I've been developing in Rails for 8 - 9 months and have yet to find a good
text editing framework for use on a Windows machine. I've heard bunches
about Textmate, and I've tried out Aptana for Eclipse and the standalone
RadRails but with poor results. Aptana locked up and died about as often as
I tried to open a file and radrails is no longer supported with new
features.
I've also recently tried my hand at RIDE-ME V1.0 but it's still in
development and has many bugs to be worked out.
Does anyone have a good suggestion for a Windows-based text editor? I'd
prefer easy server management within the app as well as quick searching
capabilities.
I tried out your suggestion and it is nice, fast, clean, and easy to use. I
like the quick buttons for server start, console, and cmd. But I don't know
if I can get along without search. That's pretty essential, at least in
projects I work on, for finding TODO comments.

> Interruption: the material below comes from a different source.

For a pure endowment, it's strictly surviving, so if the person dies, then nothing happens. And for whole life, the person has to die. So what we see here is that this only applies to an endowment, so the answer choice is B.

Woops, I delved in to the app a little more and found if you open a file
within your project you are all of a sudden presented with global search.

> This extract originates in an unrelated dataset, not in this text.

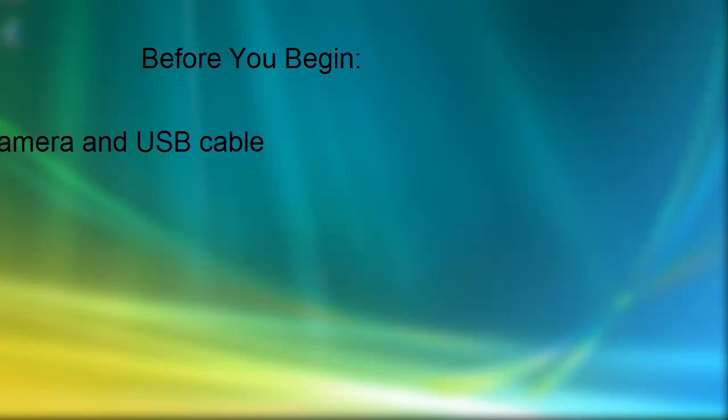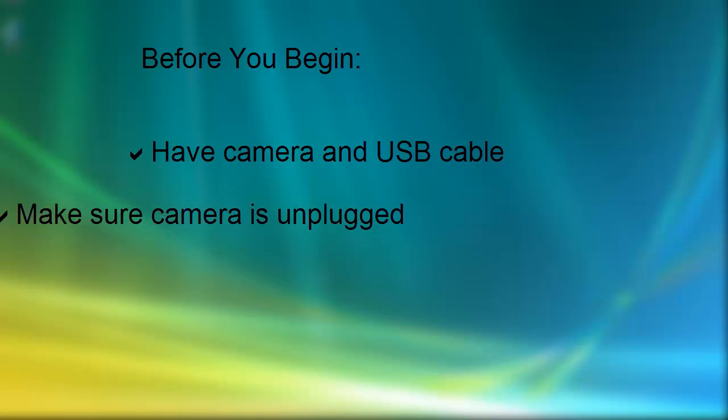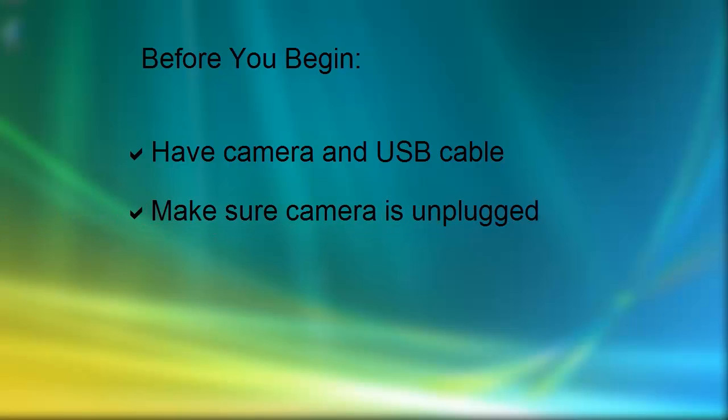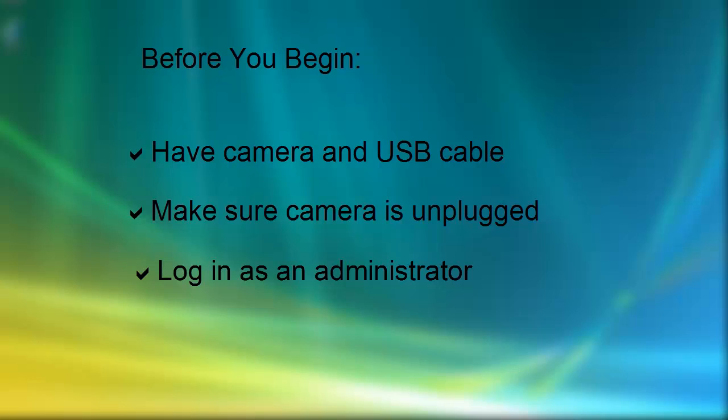Before you begin, first make sure you have your camera and the USB cable it came with. If you have an Infinity 3.1 or an Infinity 4.11 camera, make sure you also have a power cable. Make sure your camera is unplugged. You'll plug the camera in later on. And finally, make sure you're logged in as a user with administrator privileges.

Seems strange, but at least it gets me what I want. Again, thanks for the
suggestion, I'll keep testing it out.
I have been using ActiveState Komodo Edit 4.1 for a few months now, and
I have been pretty impressed. I went through the same process as yourself
looking for something good on windows. I use the free edition, I don't know
what it misses on the paid for edition, but the quality of the free version
makes a strong case for its upgrade. The free edition even has code complete
(it interprets on the fly - not bad for an editor).
I haven't tried it for Rails projects though. (Just lots of camping)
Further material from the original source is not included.